### [Task prompt]
Please copy out the records that follow exactly as they stand.

*** Block opens ***

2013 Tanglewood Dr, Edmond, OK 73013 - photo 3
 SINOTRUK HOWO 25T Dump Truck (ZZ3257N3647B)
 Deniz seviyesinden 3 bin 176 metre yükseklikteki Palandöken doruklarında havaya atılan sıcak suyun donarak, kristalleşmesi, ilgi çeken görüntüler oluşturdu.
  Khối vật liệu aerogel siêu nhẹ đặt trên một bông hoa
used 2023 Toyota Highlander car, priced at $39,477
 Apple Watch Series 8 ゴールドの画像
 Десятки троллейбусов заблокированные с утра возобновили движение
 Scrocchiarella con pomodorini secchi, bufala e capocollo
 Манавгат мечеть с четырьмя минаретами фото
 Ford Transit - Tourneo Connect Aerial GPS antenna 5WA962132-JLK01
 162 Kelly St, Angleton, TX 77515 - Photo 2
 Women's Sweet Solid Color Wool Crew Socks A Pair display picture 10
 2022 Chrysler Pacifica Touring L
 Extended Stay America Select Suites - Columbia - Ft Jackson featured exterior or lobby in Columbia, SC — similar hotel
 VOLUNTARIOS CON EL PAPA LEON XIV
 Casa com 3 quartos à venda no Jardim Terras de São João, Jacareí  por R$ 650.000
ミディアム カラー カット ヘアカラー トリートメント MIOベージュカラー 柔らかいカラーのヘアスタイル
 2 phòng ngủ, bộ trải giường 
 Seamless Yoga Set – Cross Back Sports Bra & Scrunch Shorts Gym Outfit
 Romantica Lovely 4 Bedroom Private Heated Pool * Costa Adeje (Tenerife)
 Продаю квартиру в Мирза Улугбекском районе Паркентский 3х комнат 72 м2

*** Block closes ***

### [Problem solution]
2013 Tanglewood Dr, Edmond, OK 73013 - photo 3
 SINOTRUK HOWO 25T Dump Truck (ZZ3257N3647B)
 Deniz seviyesinden 3 bin 176 metre yükseklikteki Palandöken doruklarında havaya atılan sıcak suyun donarak, kristalleşmesi, ilgi çeken görüntüler oluşturdu.
  Khối vật liệu aerogel siêu nhẹ đặt trên một bông hoa
used 2023 Toyota Highlander car, priced at $39,477
 Apple Watch Series 8 ゴールドの画像
 Десятки троллейбусов заблокированные с утра возобновили движение
 Scrocchiarella con pomodorini secchi, bufala e capocollo
 Манавгат мечеть с четырьмя минаретами фото
 Ford Transit - Tourneo Connect Aerial GPS antenna 5WA962132-JLK01
 162 Kelly St, Angleton, TX 77515 - Photo 2
 Women's Sweet Solid Color Wool Crew Socks A Pair display picture 10
 2022 Chrysler Pacifica Touring L
 Extended Stay America Select Suites - Columbia - Ft Jackson featured exterior or lobby in Columbia, SC — similar hotel
 VOLUNTARIOS CON EL PAPA LEON XIV
 Casa com 3 quartos à venda no Jardim Terras de São João, Jacareí  por R$ 650.000
ミディアム カラー カット ヘアカラー トリートメント MIOベージュカラー 柔らかいカラーのヘアスタイル
 2 phòng ngủ, bộ trải giường 
 Seamless Yoga Set – Cross Back Sports Bra & Scrunch Shorts Gym Outfit
 Romantica Lovely 4 Bedroom Private Heated Pool * Costa Adeje (Tenerife)
 Продаю квартиру в Мирза Улугбекском районе Паркентский 3х комнат 72 м2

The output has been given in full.